HIV makes the body’s immune system less effective over time so that it can no longer protect itself against some opportunistic diseases which it would normally be able to fight off. People who are undiagnosed and have been living with HIV for a considerable time can develop a number of serious illnesses such as pneumonia, TB and certain types of cancer such as Non-Hodgkin Lymphoma. For more information on conditions associated with late stage undiagnosed HIV please see UK HIV testing guidelines.1

[1] UK National Guidelines for HIV Testing, 2008


The Department of Health Guidance on occupational exposure to HIV in a healthcare setting notes that the risk of transmission is low, with a transmission risk of about 3 per 1,000 in percutaneous injuries such as needlestick injuries involving someone known to be HIV positive. There have been no reported cases of HIV transmission in a social care setting.

Notwithstanding the very low risk of HIV transmission in a health and social care setting, it is important that you have the correct information to protect yourself and others at work from HIV.

Routine procedures should involve using universal precautions such as wearing gloves when taking blood or when handling other bodily fluids and making sure any cuts or skin infections are properly covered. The General Medical Council’s (GMC) guidelines outline how universal precautions are all that are necessary to protect yourself from HIV transmission when you are in contact with someone living with HIV, even when conducting more invasive procedures or surgery.1 There is no need to use extra precautions.

It is vital that you do not overstate the risk of HIV transmission when someone known to be living with HIV is in your care, or act in a way that would be discriminatory by using ‘extra’ precautions that you would not use for an HIV negative person. Please see section four and five for more information on how to treat a service user living with HIV.

If someone’s HIV status is known, they are likely to present a low transmission risk. This is because people with diagnosed HIV are likely to be on effective treatment, which significantly reduces the amount of HIV in the bloodstream. People who have fewer than 50 copies/ml of HIV in their bloodstream are virally suppressed (also known as having an ‘undetectable viral load’), meaning that they cannot pass on the virus. Around 78% of people living with HIV in the UK are virally suppressed, so cannot pass HIV on.2

People living with HIV who take their HIV medication as prescribed and have achieved an undetectable viral load can feel confident that they do not present an HIV transmission risk to their sexual partners.
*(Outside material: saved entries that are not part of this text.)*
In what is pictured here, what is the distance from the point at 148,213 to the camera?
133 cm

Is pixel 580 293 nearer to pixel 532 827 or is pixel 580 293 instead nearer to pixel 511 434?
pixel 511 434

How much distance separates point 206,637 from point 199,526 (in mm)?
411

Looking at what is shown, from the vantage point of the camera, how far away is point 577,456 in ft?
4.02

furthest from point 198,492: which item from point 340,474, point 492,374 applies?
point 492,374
However, 1 in 7 people living with HIV are unaware of their status and are more likely to be infectious than a person who has an HIV diagnosis and is on treatment. It is therefore important that health workers use universal precautions at all times to protect themselves from undiagnosed HIV or any other blood-borne virus (BBV) that a person under their care may have.

[1] General Medical Council (GMC), Confidentiality: disclosing information about serious communicable diseases
[2] Public Health England, HIV in the UK, 2016


Since the 1980s, treatment for HIV has improved substantially and the majority of people diagnosed today go on to have a normal life expectancy, lead active lives and do not develop AIDS.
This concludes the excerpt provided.